_SOURCE MATERIAL_.
• • •
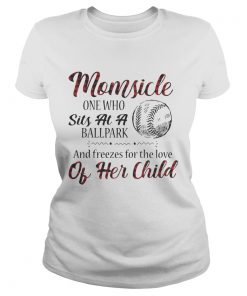 Momsicle onewho sits at a ballpark and freezes for the love of her child ladies tee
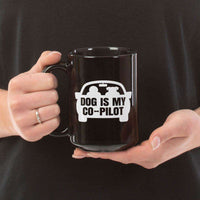 Load image into Gallery viewer, Designs by MyUtopia Shout Out:Dog is My Co-Pilot Ceramic Coffee Mug - Black
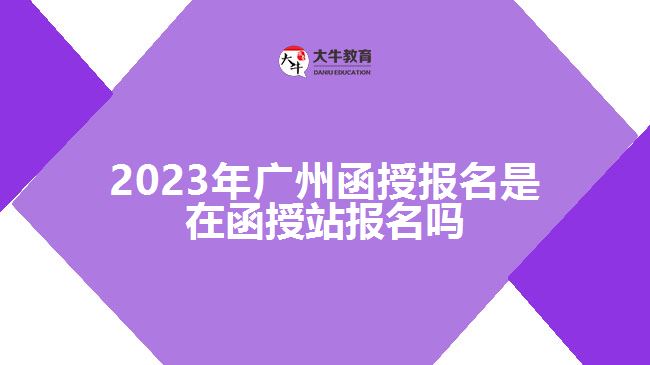 2023年廣州函授報名是在函授站報名嗎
• • •
_TASK DETAILS_. Pictures are to be left out; otherwise, copy exactly each line from the one containing "Load image into" through the last line of the listing.

_REPLY_.
 Load image into Gallery viewer, Designs by MyUtopia Shout Out:Dog is My Co-Pilot Ceramic Coffee Mug - Black
 2023年廣州函授報名是在函授站報名嗎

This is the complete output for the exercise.